Le quatrième mur est celui qui, sur scène, sépare de façon invisible les acteurs de leur public. Les protège et leur donne l'illusion qu'ils sont seuls, à l'abri. La notion d'illusion est d'une certaine façon permanente dans ce récit qui mêle les thèmes du cheminement initiatique, de l'acte symbolique, de l'amitié, d'une naïveté dangereuse, d'idéaux chimériques et de détresse identitaire.
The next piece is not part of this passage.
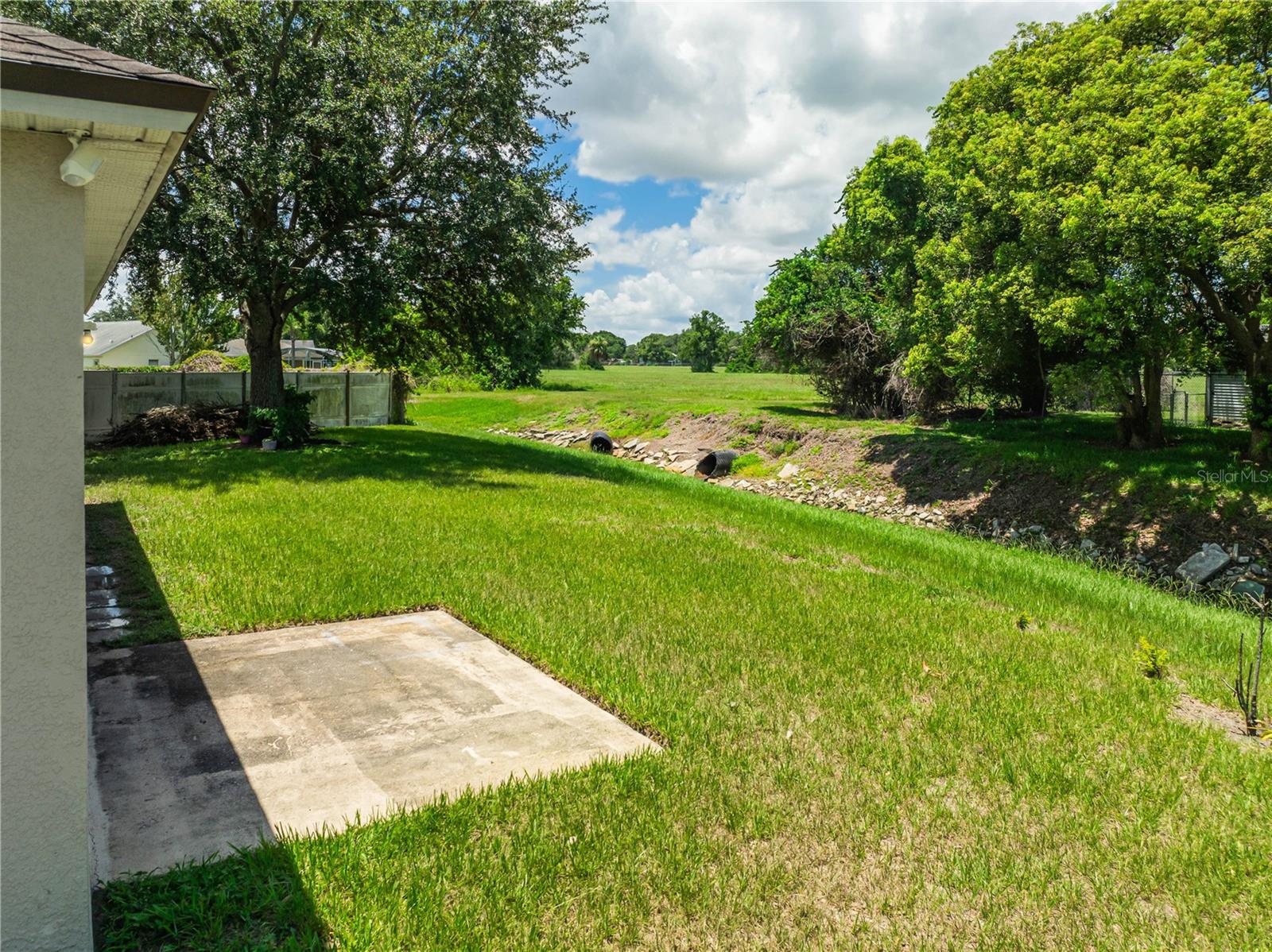 2944 COOL BREEZE CIRCLE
Défenseur de causes qui sont rarement les siennes, Georges, homme d'histoire et de théâtre, rencontre Samuel Akounis, lui-même metteur en scène. Juif, ancien résistant à la dictature des colonels en Grèce, l'homme en impose. Ami et frère, Samuel deviendra aussi son guide et son mentor. C'est pour cela que, lorsqu'un Sam gravement malade lui demandera de reprendre le flambeau du projet de sa vie, Georges ne pourra qu'accepter. Ce rêve, c'est monter la pièce Antigone à Beyrouth, carrefour des religions et des cultures. Nous sommes au début des années quatre-vingts, le Liban est instable. Mu par la culpabilité et l'orgueil tout d'abord, luttant contre une lâcheté elle-même aux prises avec l'amour fraternel, Georges quitte sa femme et leur petite fille pour suivre les traces de son ami, rassembler les acteurs issus de toutes les mouvances idéologiques et faire la rencontre décisive de son destin: la Guerre. Rêves de paix et réalité se rencontrent, la vie ne sera plus la même, tronquée par cette sensation de n'exister plus qu'en surface quand il faut continuer à être un être humain alors que le pire est entré en soi.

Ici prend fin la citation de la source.